Controlling reinforcements is about making sure your army is topped off as often as possible and the enemies army gets no bigger. One common tactic is to ‘rotate’ heroes out of combat as they get low on troops. Retreating troops take 50% more damage and lose terrain bonuses, so try not to rotate a hero with anything important on it. The ideal target for rotating is a hero with only rearguard units so that the defence penalty is unimportant. Don’t forget to bring one frontline unit with you whenever you reinforce! This helps cover for your retreating hero and is the most efficient way to spend 30-60 gold.

You can deny the opponent’s reinforcements by instead retreating onto their reinforce point. Even if your hero ends up dying, they can’t build troops there since there’s fighting on their reinforce point, giving you some turns to fight with a numerical advantage.
When is it wise to fight
Since battles are auto-resolved, most fights are won by decisions made before the battle has begun — Sun Tzu

The defender has a massive advantage in Callasia, often 50%+ effective health compared to your units. In some extreme situations they might have over double your effective hp. This means you shouldn’t engage a fight unless you have some sort of advantage. This is a list of the advantages that can make starting a fight a good idea. The more of them you have, the better. If you don’t have any, just don’t do it.

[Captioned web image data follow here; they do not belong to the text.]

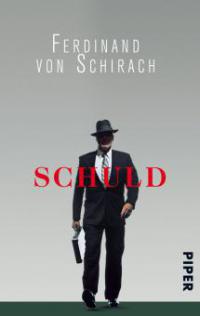 Schuld - Ferdinand von Schirach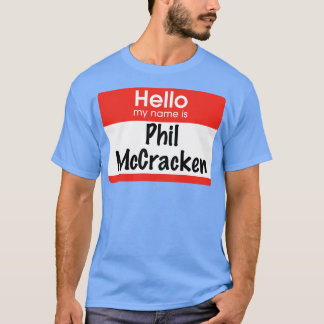 Hallo Mijn naam is Phil McCracken T-shirt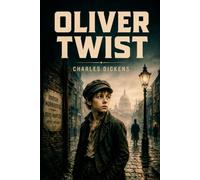 Oliver Twist: Le destin bouleversant d’un jeune orphelin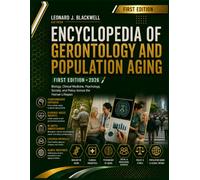 Encyclopedia of Gerontology and Population Aging: Biology, Clinical Medicine, Psychology, Society, and Policy Across the Human Lifespan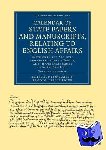  - Calendar of State Papers and Manuscripts, Relating to English Affairs - Existing in the Archives and Collections of Venice, and in Other Libraries of Northern Italy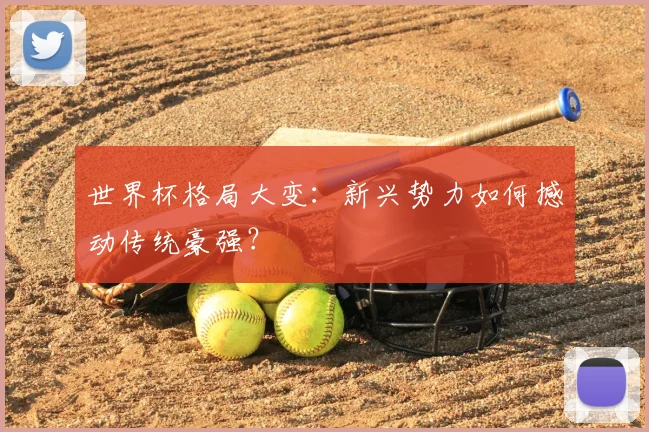 世界杯格局大变：新兴势力如何撼动传统豪强？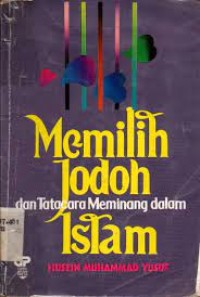 Memilih Jodoh dan Tata cara Meminang dalam Islam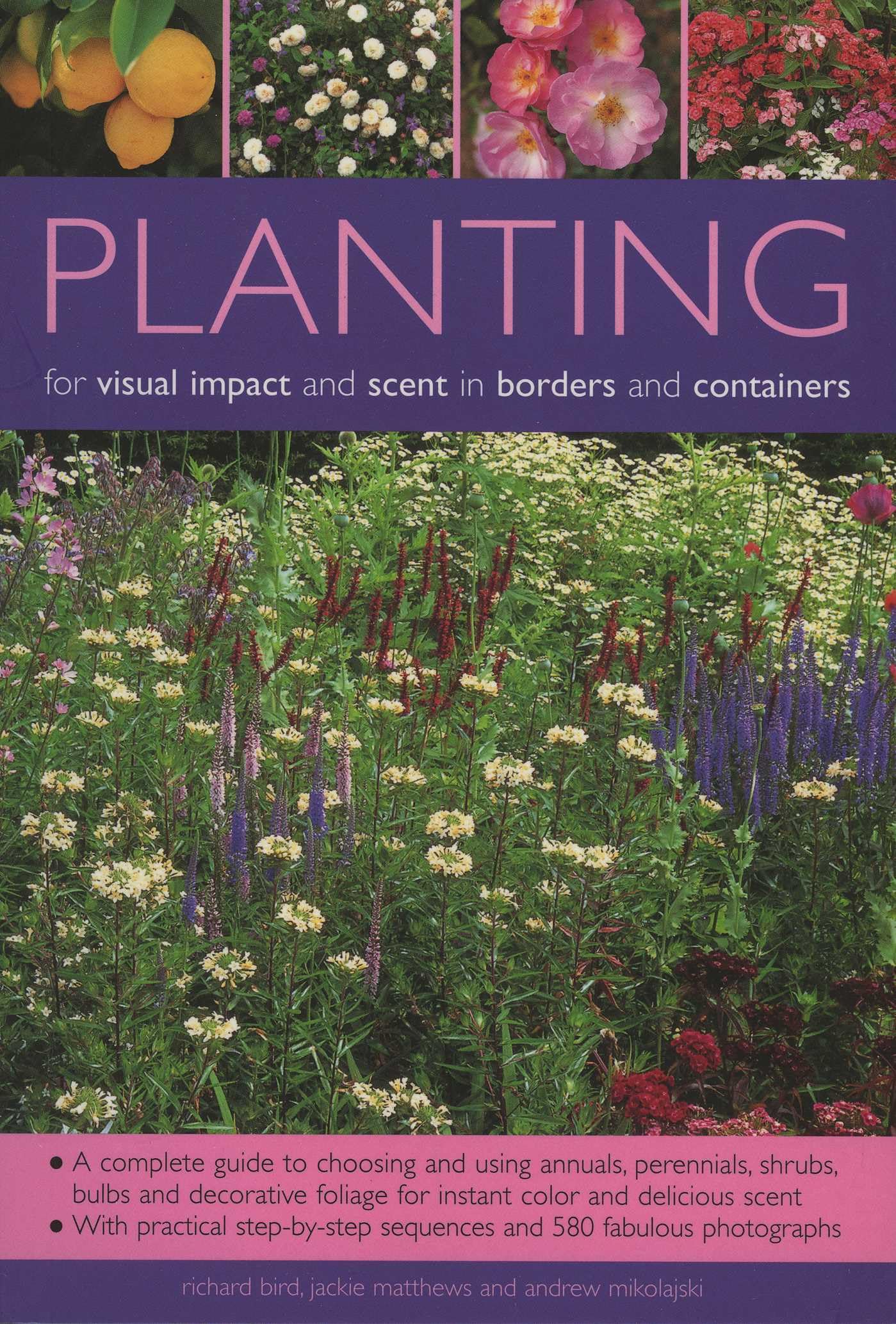 Planting for Visual Impact and Scent in Borders and Containers: A Complete Guide to Choosing and Using Annuals, Perennials, Shrubs, Bulbs and ... Sequences and 580 Fabulous Photographs Garden & Plants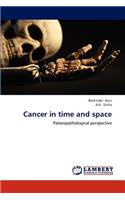 Cancer in time and space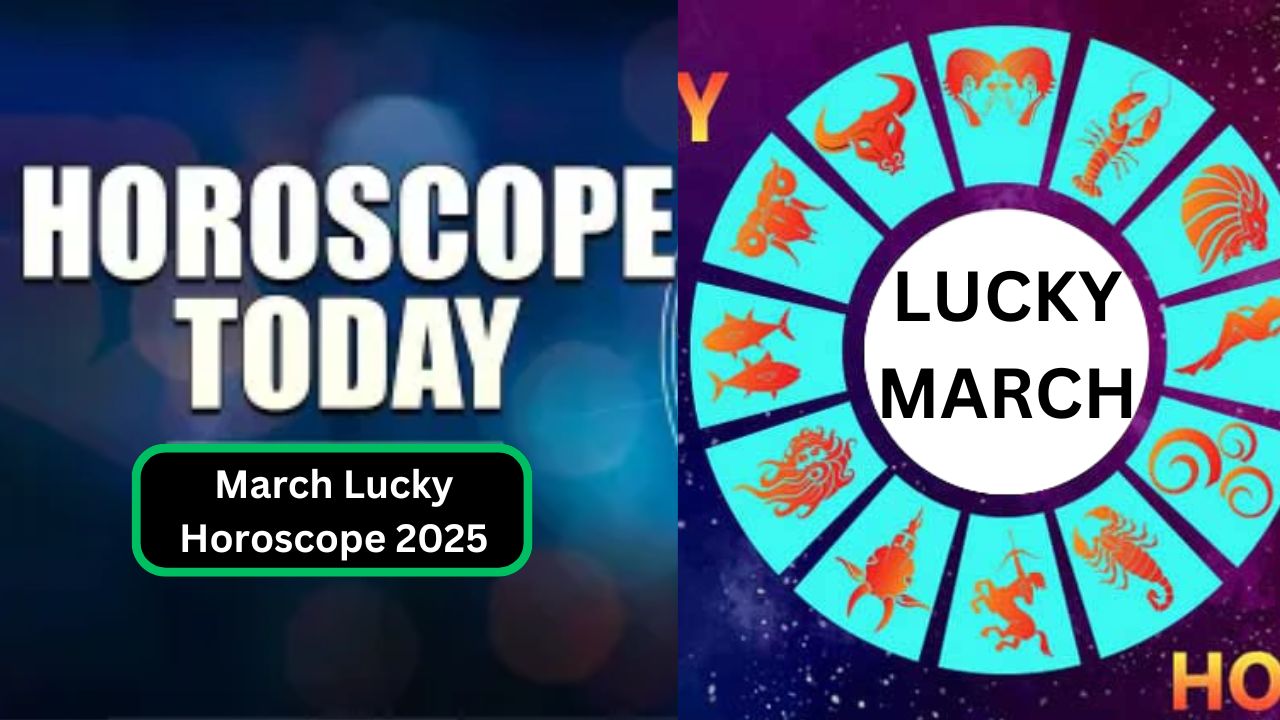 March Lucky Horoscope 2025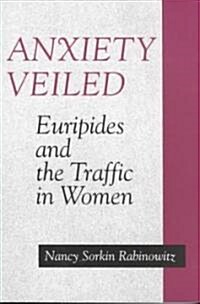 Anxiety Veiled (Paperback)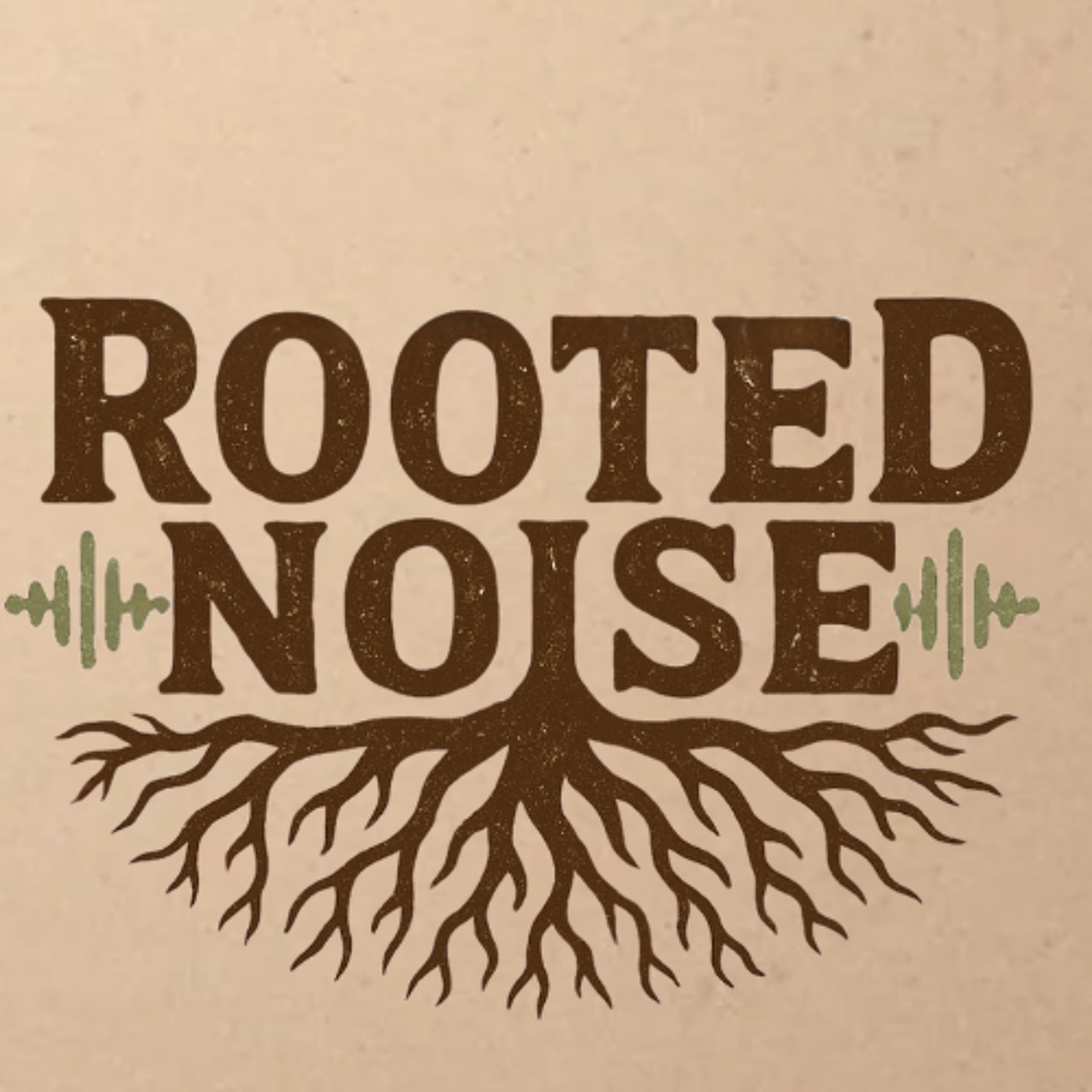 Rooted Noise With John Sargent 2-26-26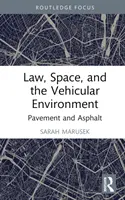 Le droit, l'espace et l'environnement des véhicules : Chaussée et asphalte - Law, Space, and the Vehicular Environment: Pavement and Asphalt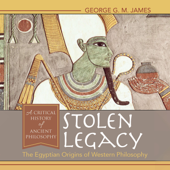 Stolen Legacy: Greek Philosophy is Stolen Egyptian Philosophy (Unabridged) - George J.M. James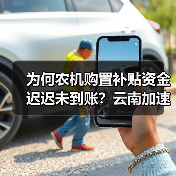 为何农机购置补贴资金迟迟未到账?云南加速兑付行动(图3) 为何农机购置补贴资金迟迟未到账?云南加速兑付行动(图3)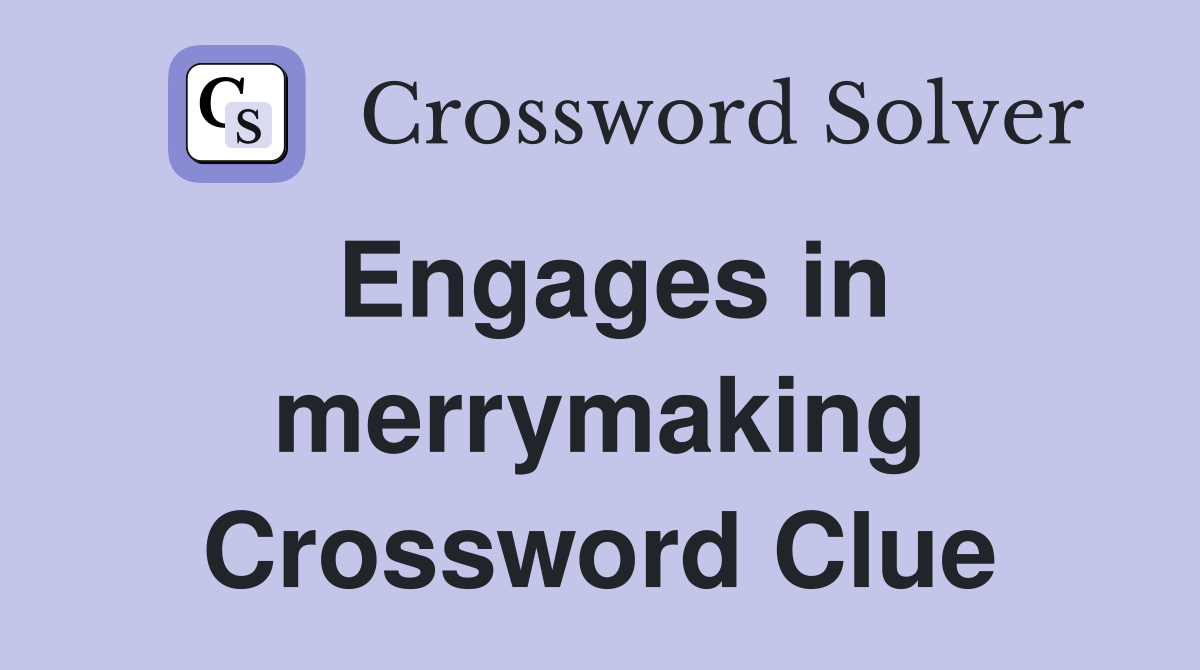 Engages in merrymaking Crossword Clue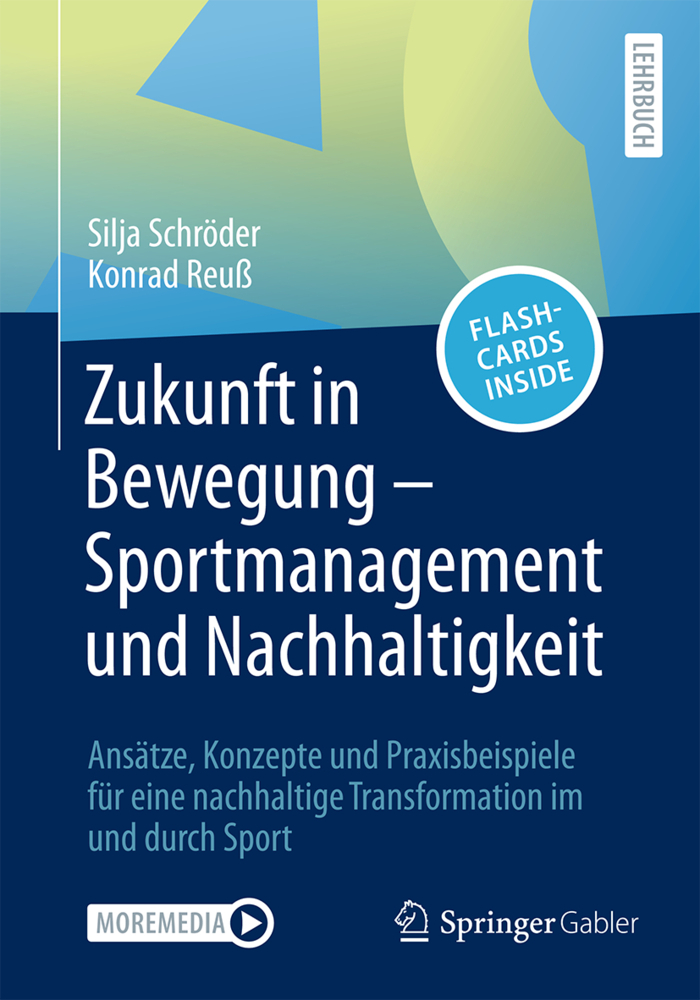 Zukunft in Bewegung - Sportmanagement und Nachhaltigkeit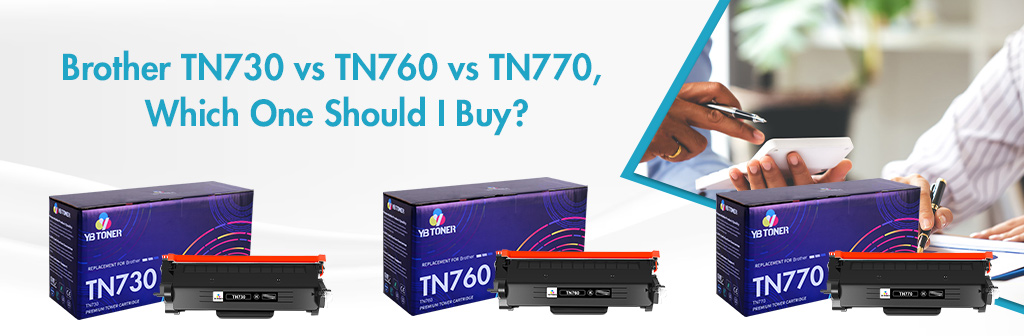 Brother TN730 vs TN760 vs TN770, Which One Should I Buy?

-You have a bigger army than them. This is pretty self explanatory. More troops deal more damage, making the fight better for you. Loosely, a 30% advantage against someone fortified on unupgraded terrain or a 50% advantage vs a fortified citadel should be enough.

-You have strong cards. This is also pretty obvious. One advantage the attacker has is that they know what turn the battle will happen, making cards more easily deployed with effect rather than making defense guesses. A well-timed Smite or Charge (or both) can lead to a huge advantage in the initial round of combat. This is particularly important if the opponent cannot reinforce, as they cannot replace the troops lost in the initial shock.

-Your opponent is out of position. Combine map awareness with your opponents’ poor choices. A hero attempting to capture land takes a 50% penalty to unit defense, and razing incurs the same penalty. Building or movement actions are neutral in terms of unit defense modifiers, but it can be more advantageous to attack a fort before the hero on it can build a citadel.

-Reinforce Points. If one player has a reinforcement point and the other does not (or has no gold), this hugely influences fights. If the opponent has a lot of gold and a reinforce point, and you do not, then you better be able to win combat in one round, because otherwise things are going to get messy. If you have a reinforce point and the opponent does not, then the longer the game goes on and the more gold players amass, the less tenable it is for them to keep holding their location. This is one of the big things that can prompt an attack. If both players are sitting on citadels, staring at each other, then at some point the advantage of denying them a reinforce point (since you are fighting on top of it) becomes greater than defender's advantage.

-Your opponent’s composition is rubbish. Maybe you are fighting someone who has never read this guide and their army is 20 golems and 50 phoenixes with no other units. In which case an army of equivalent gold cost with 3 heroes, each with a front liner and spread out decoy units, will annihilate them. You can even increase the effectiveness of your decoy units by stacking up your damage dealers, since the enemy has no decoys to overkill.

Concise list:
Larger army
Strong cards
Better position
Better reinforcements
Better unit composition


Thank you for reading my guide and may you crush your opponents beneath your iron boots/hooves/skeletal toes.
4 Comments
GamingWithBacon 13 Jul, 2020 @ 5:41pm 
Awesome guide!
Russian Orthodox Revolution 16 Dec, 2016 @ 11:17am 
This is a very well written guide. Thanks for the tips.
Child of Light 9 Dec, 2016 @ 9:07pm 
By the way, after reading your guide, I won 3 games in a row and now I'm rank #2 (But I do have more points than the 1st, weird, isn't it?)